Head of student success aims to reverse UWRF trends
Falcon News Service
March 28, 2022
University class sizes have been decreasing across the country due to the ongoing coronavirus pandemic. UW-River Falls is trying to change that by introducing a new position, the assistant chancellor for student success.
Jamie Zamjahn started in the position at the beginning of this academic year.
Zamjahn grew up in Chaska, Minnesota. He graduated from Saint Mary’s University of Minnesota and later Idaho State University. Zamjahn previously was the senior director of student success and advising at Sonoma State University in California.
He has high hopes to improve retention and, more specifically, the graduation rate.
“For me, and what I do, the student success is really how we can get our students to graduation as quick as possible to make sure that they’re leaving school with a degree and with as little debt as possible,” he said.
Although new to UWRF, Zamjahn has spent years developing ideas to help students succeed in their college graduations.
“I’ve had lots of success at my previous institutions around improving completion rates, lowering equity gaps, utilizing the model that we’re working to implement here but tweaking it for UWRF,” he continued.

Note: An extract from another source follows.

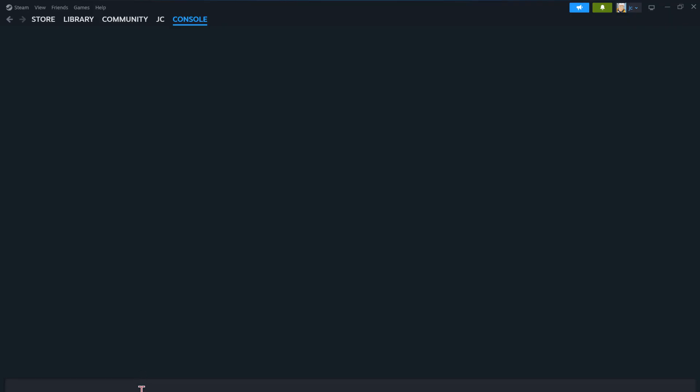So now copy and paste the following. You need to use control V for this to paste. So this is the command you're going to use to download the last update of the game. And you see this right here where it says manifest. That is the number for each update.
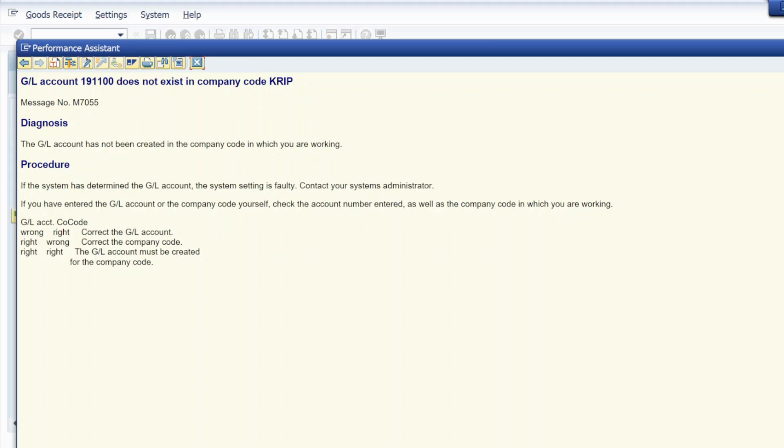If you have entered the GL account or the company code yourself, check the account number entered as well as the company code in which you are working.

The last few years haven’t exactly been easy on most, with the coronavirus pandemic sweeping across the world and halting many lives. It also has led to lower graduation rates and retention rates in general. Students have been feeling the difference with a noticeable drop in students on campus, even in places like the University Center, which used to be packed daily.
“Before COVID, this school had over 6,000 students, so there were always people around campus,” said Kevin Paulson, a senior at the UWRF. “It was especially noticeable during lunch and dinner periods when there would be a line stretching across the university center for people waiting to get in to dine, and the dining room was always full.”
In fall 2019, before the pandemic, total student enrollment at UW-River Falls stood at 5,977, according to UW data. At the beginning of the 2021-2022 academic year, enrollment had dropped to 5,410.
Zamjahn noted the troubles students have faced throughout the coronavirus pandemic and how they affect the university.
“So we have two years’ worth of graduates that things could have happened that they had to leave school, that they had to slow down and take less credits,” he said. “And so we have to take these different life issues into consideration as well, but then we also have to start looking at how we can support around that.”
Moving forward Zamjahn plans to help provide options to those students who have had a hard time throughout the pandemic and also continue to help new students who are coming to UWRF for the first time.